See below on Sparta, Plutarch, and what he wrote.

Explanation:

A bit about Plutarch and Sparta before we get into what he said about Spartan educational practices.

Even in this day and age, the word "spartan" conjures up a feeling of minimalism, of lack of luxury leading to discipline and success, and of a fierce fighting culture. That fascination that we feel for Sparta existed in spades in the ancient world - so much so that often historians would write about Sparta not as it was but as they thought it should be. So much of written Spartan history is written from an idealized point of view.

Another thing to keep in mind is that historians often didn't write their own material but instead drew off the works of earlier historians - who had their viewpoints and biases.

Which brings us to Plutarch. He was writing about a civilization that hadn't existed for hundreds of years and for some events he wrote about, a thousand years separate him from those events. Plutarch was also, given the slant of his writings, someone who idolized the Spartans and their way of being.

So whether or not what Plutarch is actually what happened or in line with Spartan thinking can sometimes be in doubt. Given that, there is no doubt that Sparta had a unique militarized culture that promoted pride, fitness, and bravery, and took equality of the sexes to a further degree than any other culture had before.

Here's some of what Plutarch wrote about Spartan education:

"They learned to read and write for purely practical reasons; but all other forms of education they banned from the country, books and treatises being included in this quite as much as men. All their education was directed toward prompt obedience to authority, stout endurance of hardship, and victory or death in battle."
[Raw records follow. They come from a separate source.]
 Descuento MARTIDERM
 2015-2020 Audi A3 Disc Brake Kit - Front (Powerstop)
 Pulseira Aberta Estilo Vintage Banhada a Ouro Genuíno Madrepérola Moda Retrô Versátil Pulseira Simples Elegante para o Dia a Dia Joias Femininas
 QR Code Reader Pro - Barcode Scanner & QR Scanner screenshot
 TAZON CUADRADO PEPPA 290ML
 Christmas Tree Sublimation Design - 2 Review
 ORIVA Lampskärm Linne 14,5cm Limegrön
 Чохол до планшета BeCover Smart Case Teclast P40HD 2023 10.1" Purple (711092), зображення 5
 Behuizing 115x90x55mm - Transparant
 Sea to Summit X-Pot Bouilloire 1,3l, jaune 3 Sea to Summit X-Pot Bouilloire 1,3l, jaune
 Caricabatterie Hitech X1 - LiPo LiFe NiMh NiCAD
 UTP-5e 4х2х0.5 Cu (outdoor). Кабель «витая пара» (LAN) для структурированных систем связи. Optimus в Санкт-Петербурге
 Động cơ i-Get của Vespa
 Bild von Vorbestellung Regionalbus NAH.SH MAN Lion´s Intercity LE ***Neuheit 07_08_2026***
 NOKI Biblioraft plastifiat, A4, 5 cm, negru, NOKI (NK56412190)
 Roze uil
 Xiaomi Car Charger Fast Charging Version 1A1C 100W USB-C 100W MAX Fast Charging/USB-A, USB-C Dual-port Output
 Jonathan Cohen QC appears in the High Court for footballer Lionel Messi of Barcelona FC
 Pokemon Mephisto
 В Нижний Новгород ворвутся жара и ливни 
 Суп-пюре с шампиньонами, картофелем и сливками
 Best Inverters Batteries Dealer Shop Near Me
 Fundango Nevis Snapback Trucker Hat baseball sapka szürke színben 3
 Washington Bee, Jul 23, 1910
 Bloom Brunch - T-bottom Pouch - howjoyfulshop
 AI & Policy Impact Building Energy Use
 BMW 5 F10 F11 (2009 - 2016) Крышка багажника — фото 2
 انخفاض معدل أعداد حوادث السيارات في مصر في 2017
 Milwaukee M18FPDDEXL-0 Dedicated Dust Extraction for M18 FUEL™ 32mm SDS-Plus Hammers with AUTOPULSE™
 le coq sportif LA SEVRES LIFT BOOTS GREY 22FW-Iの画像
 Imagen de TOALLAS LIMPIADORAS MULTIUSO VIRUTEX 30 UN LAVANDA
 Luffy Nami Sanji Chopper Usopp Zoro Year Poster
"It was not allowed them to go abroad, so that they should have nothing to do with foreign ways and undisciplined modes of living."

"They used to make the Helots drunk and exhibit them to the young as a deterrent from excessive drinking."

"Cephisophon, who asserted that he could speak the whole day long on any topic whatsoever, they expelled from the country, saying that the good orator must keep his discourse equal to the subject in hand."